Prerequisites: ES cluster to talk to (docker or local)
To start the docker elasticsearch cluster, first increase virtual memory available:

temporarily with `sysctl -w vm.max_map_count=262144`
or permanently via setting:
`vm.max_map_count` to `262144` in `/etc/sysctl.conf`

then:

    docker-compose up

(in virtualenv) `pip install elasticsearch jupyter rstr`

In [19]:
import json
from datetime import datetime
from uuid import uuid4
from copy import deepcopy

import fixtures

import elasticsearch
es1 = {'host': 'localhost', 'port': 9201}
es2 = {'host': 'localhost', 'port': 9202}
es = elasticsearch.Elasticsearch([es1, es2])

### Check we have redundancy:

Notice we talk to both hosts

In [2]:
for i in range(0, 9):
    print(es.info(pretty=True))

{'name': 'es01', 'cluster_name': 'es-docker-cluster', 'cluster_uuid': 'y2M8TuB0RhGkyhL5UZ_X6A', 'version': {'number': '7.10.0', 'build_flavor': 'default', 'build_type': 'docker', 'build_hash': '51e9d6f22758d0374a0f3f5c6e8f3a7997850f96', 'build_date': '2020-11-09T21:30:33.964949Z', 'build_snapshot': False, 'lucene_version': '8.7.0', 'minimum_wire_compatibility_version': '6.8.0', 'minimum_index_compatibility_version': '6.0.0-beta1'}, 'tagline': 'You Know, for Search'}
{'name': 'es02', 'cluster_name': 'es-docker-cluster', 'cluster_uuid': 'y2M8TuB0RhGkyhL5UZ_X6A', 'version': {'number': '7.10.0', 'build_flavor': 'default', 'build_type': 'docker', 'build_hash': '51e9d6f22758d0374a0f3f5c6e8f3a7997850f96', 'build_date': '2020-11-09T21:30:33.964949Z', 'build_snapshot': False, 'lucene_version': '8.7.0', 'minimum_wire_compatibility_version': '6.8.0', 'minimum_index_compatibility_version': '6.0.0-beta1'}, 'tagline': 'You Know, for Search'}
{'name': 'es01', 'cluster_name': 'es-docker-cluster', 'clu

Now stop one of the hosts (in terminal)

    docker stop es01

Then run the cell above again. This time it seamlessly connects to es02 each time.
Restart the container.

    docker start es01

In [39]:
# Clear up previous run
es.indices.delete('doaj-*') if es.indices.get('doaj-*') else print('Nothing to do')

{'acknowledged': True}

### Creating an index with custom dynamic mapping

The dynamic mappings have changed somewhat since ES 1.7. For reference, here's the old
default dynamic mapping:
```
'dynamic_templates': [
            {
                'default': {
                    'match': '*', 'match_mapping_type': 'string', 'mapping': {
                        'type': 'multi_field', 'fields': {
                            '{name}': {'type': '{dynamic_type}', 'index': 'analyzed', 'store': 'no'},
                            'exact': {'type': '{dynamic_type}', 'index': 'not_analyzed', 'store': 'yes'}}
                    }
                }
            }
        ]
    }
```
The following gives us an equivalent `.exact` not_analyzed **keyword** field.

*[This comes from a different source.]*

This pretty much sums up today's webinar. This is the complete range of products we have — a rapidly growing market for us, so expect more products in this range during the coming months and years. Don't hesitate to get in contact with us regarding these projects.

We also have the benefit of initialising indexes with the correct number of shards depending on data size -
more shards for larger types to improve search performance. Replicas would be different for dev and production.

In [40]:
CREATE_BODY = {
    'aliases': {
        'account': {}
    },
    'mappings': {
        'dynamic_templates': [
            {
                "strings": {
                    "match_mapping_type": "string",
                    "mapping": {
                        "type": "text",
                        "fields": {
                            "exact": {
                                "type": "keyword",
                                "normalizer": "lowercase"
                            }
                        }
                    }
                }
            }
        ]
    },
    'settings': {
        'number_of_shards': 4,
        'number_of_replicas': 1
    }
}

# todo: do we want to do a check on index init that it has the correct mappings?

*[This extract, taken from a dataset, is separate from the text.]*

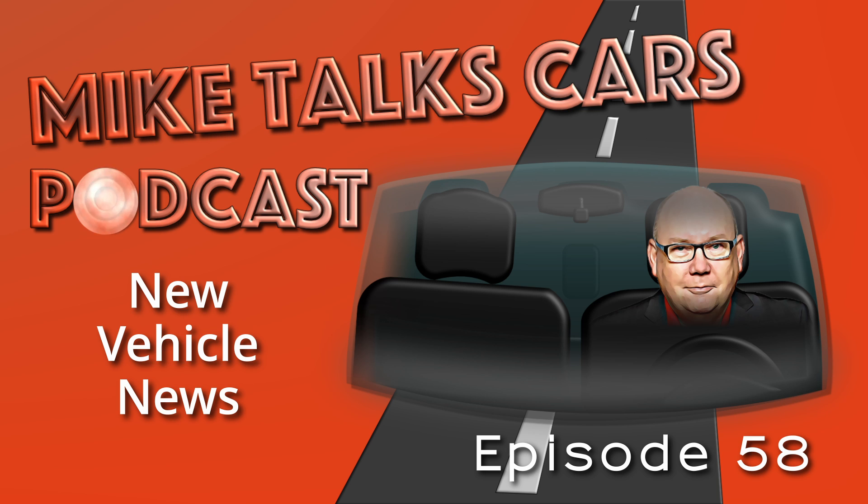In new vehicle news, a top executive at General Motors has finally given us a hint at when the Chevrolet Silverado EV will start production. Production is currently slated for 2023. This is interesting news because Ford's F-150 Lightning goes into production in early 2022, putting Silverado about a year behind their Ford competitor.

# Use the create index api with the mapping
es.indices.create(index='doaj-account', body=CREATE_BODY)


{'acknowledged': True, 'shards_acknowledged': True, 'index': 'doaj-account'}

### Put some data in the index

In [41]:
steve = {"api_key": uuid4().hex, "last_updated": "2021-04-27T09:49:11Z", "marketing_consent": False, "id": "steve", "role": ["admin", "api"], "created_date": "2014-09-10T15:53:50Z", "password": "pbkdf2:sha256:150000$o6pVxBxY$f8c25903211437b168af63b465c283942a9192f086fa77872a72cdaef0579c91", "email": "steve@example.com", "es_type": "account"}
bob =  {"api_key": uuid4().hex, "last_updated": "2021-04-27T09:49:11Z", "marketing_consent": False, "id": "bob", "role": ["publisher", "api"], "created_date": "2014-09-10T15:53:50Z", "password": "pbkdf2:sha256:150000$o6pVxBxY$f8c25903211437b168af63b465c283942a9192f086fa77872a72cdaef0579c91", "email": "bob@example.com", "es_type": "account"}

es.create(index='doaj-account', id='steve', body=steve)
es.create(index='doaj-account', id='bob', body=bob)

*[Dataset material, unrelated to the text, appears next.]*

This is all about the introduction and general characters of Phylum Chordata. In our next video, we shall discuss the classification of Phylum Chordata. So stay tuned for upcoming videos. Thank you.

{'_index': 'doaj-account',
 '_type': '_doc',
 '_id': 'bob',
 '_version': 1,
 'result': 'created',
 '_shards': {'total': 2, 'successful': 2, 'failed': 0},
 '_seq_no': 1,
 '_primary_term': 1}

In [42]:
# An additional create will cause a 409 conflict
try:
    es.create(index='doaj-account', id='steve', body=steve)
except elasticsearch.ConflictError as e:
    print(e)

ConflictError(409, 'version_conflict_engine_exception', '[steve]: version conflict, document already exists (current version [1])')


In [43]:
# With correct method es.index
steve['last_updated'] = datetime.utcnow().strftime("%Y-%m-%dT%H:%M:%SZ")
es.index(index='doaj-account', id='steve', body=steve)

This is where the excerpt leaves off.